━━━ Data provided ━━━

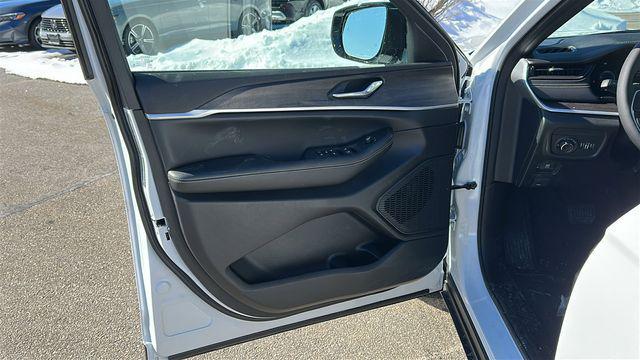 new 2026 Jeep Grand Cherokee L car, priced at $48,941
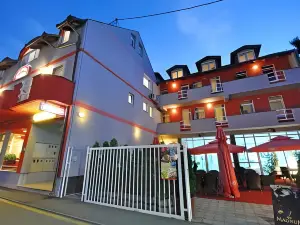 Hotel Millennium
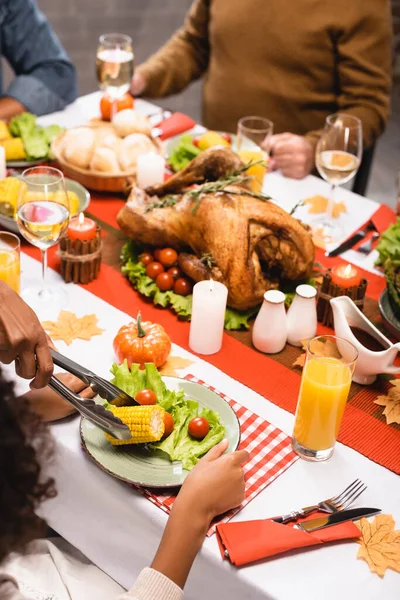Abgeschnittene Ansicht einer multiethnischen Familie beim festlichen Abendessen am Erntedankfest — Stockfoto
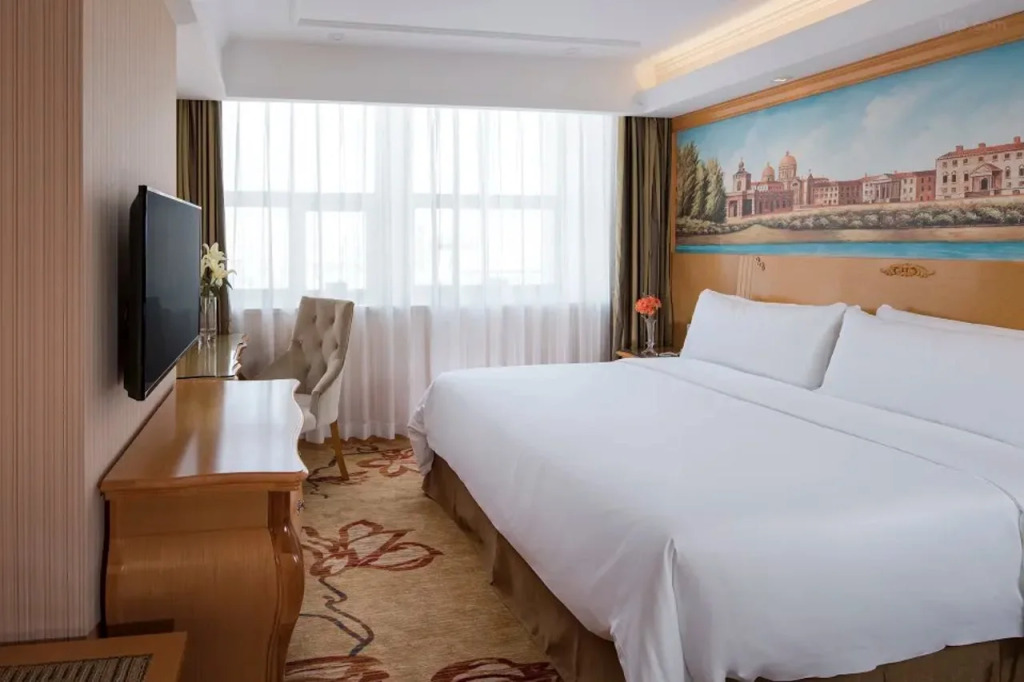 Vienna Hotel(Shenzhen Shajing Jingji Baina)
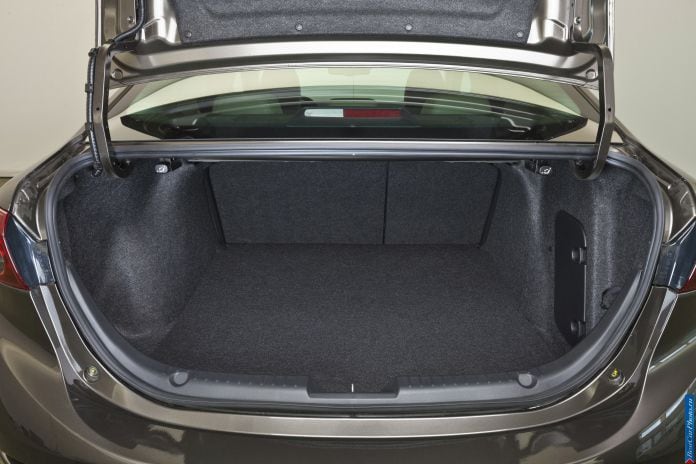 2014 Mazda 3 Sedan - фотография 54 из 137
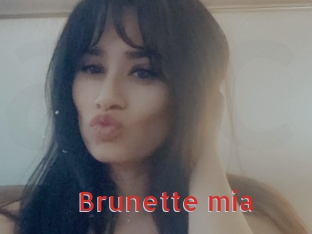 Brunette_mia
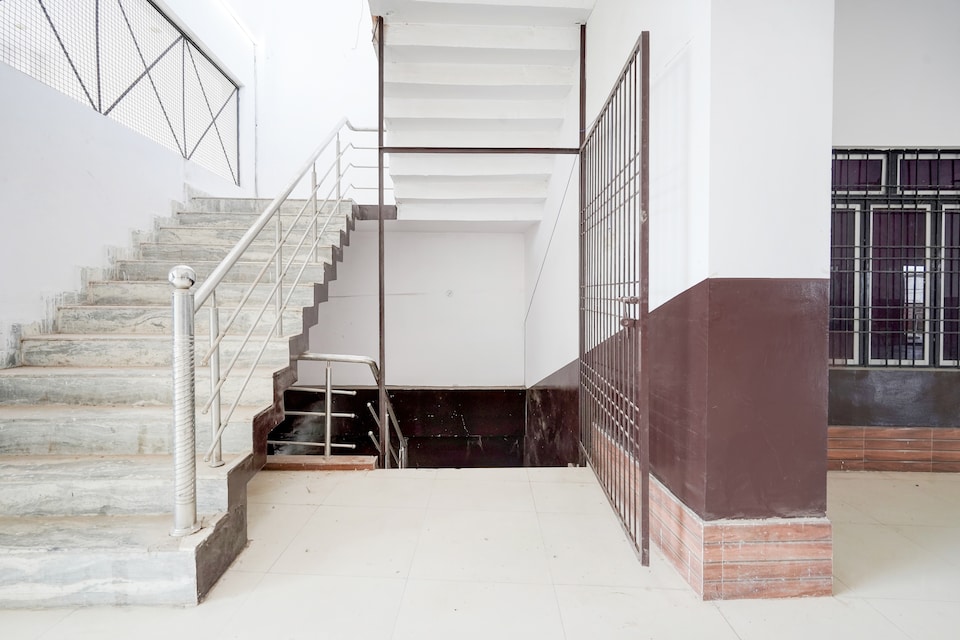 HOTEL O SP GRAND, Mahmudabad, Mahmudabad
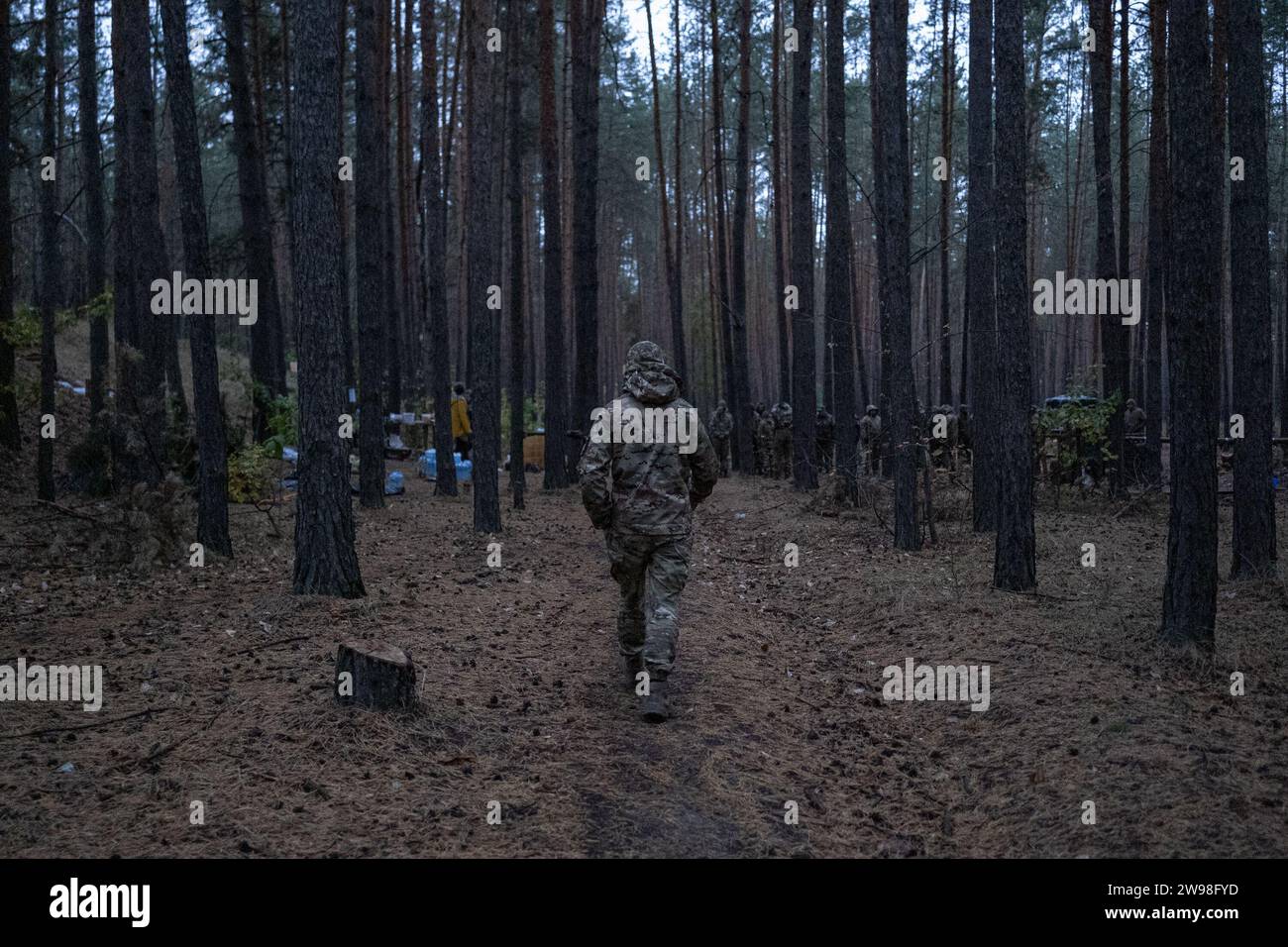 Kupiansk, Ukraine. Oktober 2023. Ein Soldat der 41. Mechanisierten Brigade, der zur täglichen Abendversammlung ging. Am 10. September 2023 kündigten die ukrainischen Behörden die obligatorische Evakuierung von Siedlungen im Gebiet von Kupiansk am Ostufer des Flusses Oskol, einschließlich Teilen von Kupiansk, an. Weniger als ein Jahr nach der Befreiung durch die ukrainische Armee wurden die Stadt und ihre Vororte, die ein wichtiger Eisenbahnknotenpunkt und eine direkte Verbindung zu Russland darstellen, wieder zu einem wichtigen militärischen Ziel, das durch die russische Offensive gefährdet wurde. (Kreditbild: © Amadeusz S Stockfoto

━━━
━━━ Data provided ━━━

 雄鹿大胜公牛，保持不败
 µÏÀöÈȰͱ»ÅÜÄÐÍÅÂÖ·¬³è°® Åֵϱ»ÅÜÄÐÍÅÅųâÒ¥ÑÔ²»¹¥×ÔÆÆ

━━━

• **Task**: With the pictures left out, write out exactly the lines above from the one containing "new 2026 Jeep" through the one containing "Kupiansk, Ukraine. Oktober".

• **Result below**:
 new 2026 Jeep Grand Cherokee L car, priced at $48,941
 Hotel Millennium
Abgeschnittene Ansicht einer multiethnischen Familie beim festlichen Abendessen am Erntedankfest — Stockfoto
 Vienna Hotel(Shenzhen Shajing Jingji Baina)
 2014 Mazda 3 Sedan - фотография 54 из 137
 Brunette_mia
 HOTEL O SP GRAND, Mahmudabad, Mahmudabad
 Kupiansk, Ukraine. Oktober 2023. Ein Soldat der 41. Mechanisierten Brigade, der zur täglichen Abendversammlung ging. Am 10. September 2023 kündigten die ukrainischen Behörden die obligatorische Evakuierung von Siedlungen im Gebiet von Kupiansk am Ostufer des Flusses Oskol, einschließlich Teilen von Kupiansk, an. Weniger als ein Jahr nach der Befreiung durch die ukrainische Armee wurden die Stadt und ihre Vororte, die ein wichtiger Eisenbahnknotenpunkt und eine direkte Verbindung zu Russland darstellen, wieder zu einem wichtigen militärischen Ziel, das durch die russische Offensive gefährdet wurde. (Kreditbild: © Amadeusz S Stockfoto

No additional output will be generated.